Comment by grishka

4 days ago

No, why should I? I'm not proposing to "change society to 15 years ago", my idea is more selective. It's more like "do a thorough review and restore all the mechanisms that made the use of smartphones and internet optional".

It seems pretty optional in the US at least. My phone has been broken for extended periods of time before. But different story trying to use budget European airlines like Wizz that require an app to get a boarding pass.

>"do a thorough review and restore all the mechanisms that made the use of smartphones and internet optional".

we should probably workshop ideas that are within reality.

downvoters are welcome to tell me how they would approach a worlwide review of everything that requires internet and un-internet it. i will wait.

some primer questions to get your brain turning: who organizes and conducts the review? who pays for the review? who pays for the implementations? whats the messaging and how do you convince people to go along with rethinking/re-implementing their entire already-working infrastructure that they have potentially spent millions to billions of dollars on? do you just dissolve all of the internet-only services, and tell the founders to suck it? who enforces it and how?

  • Consumer protection legislation would be a way to solve this:

    If a business has more than X employees / does more than X amount of business per year / has more than X physical locations (pick one or more, make up some new criteria, tune to suit the needs of society) it must offer the same capabilities to interact with the business to those without smart phones as those with.

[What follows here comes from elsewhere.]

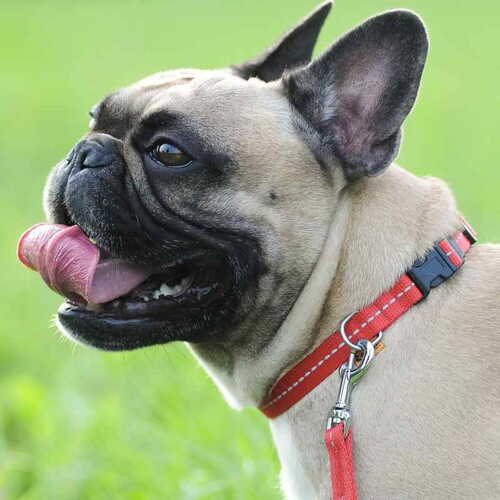 Product photo Reflective Tape Collar 4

    Small businesses wouldn't be radically impacted because they generally aren't "Internet only" anyway. The large business that are impacted have plenty of resources to handle compliance. If anything I'd argue it levels the playing field to an extent.

    • some immediate thoughts that pop in my head are:

      1) if you make it only applicable to smart phones, i just stop offering an uber smartphone app and now uber is website-only. if you apply it to "internet", as the original poster did, then:

      2) companies like uber would be forced to shut down. you can say "cool, if they cant do it, their problem", which is fine, but a dozen of major issues pop up if something like 1/4 of the businesses currently propping up the stock market have to close doors or otherwise invest billions of dollars in phone centers or whatever they need.

      it also raises questions about all sorts of businesses. another off the top of my head example: should 1password setup a call center where i can tell the operator what my new hackernews password is? is 1password exempt even if they have hundreds of employees and do millions per year? if yes, we have to come up with a bunch of murky criteria and definitions of what companies are exempt (across every industry, no less). which will, of course, cost a lot of time and money, just to surely be gamed. can we convince tax payers to foot that bill?

      (this is also ignoring the approximately 0% chance that some sort of regulation of this sort gets pushed into law, against all of the extremely powerful tech lobbies. we dont even have ubiquitous right-to-repair!)

      9 replies →

    • I had some thoughts on dynamic tax rates depending on how desirable a product or service is.

      Then can do standard formulas like, will operations continue if the power is out, internet, smart phones, running water, phone lines, payment processing, etc, how long will service be down 1-3 days, weeks, months etc

      If your store can't immediately switch to cash apply some modest tax increase. If people can't buy food for more than a week the extra tax is high. You might want to buy gas lamps and a "home" battery.

  • "There is no alternative" is a self-fulfilling prophecy

    • i am not saying "there is no alternative".

      i am saying that you cant do a worldwide systematic review of everything that relies on the internet, and un-internet it.

      if you have a realistic approach to doing so, i will eat my shoe.

      5 replies →

    • It's not "there is no alternative", it's "you're not putting that tiger back in the cage no matter how much you bitch about it".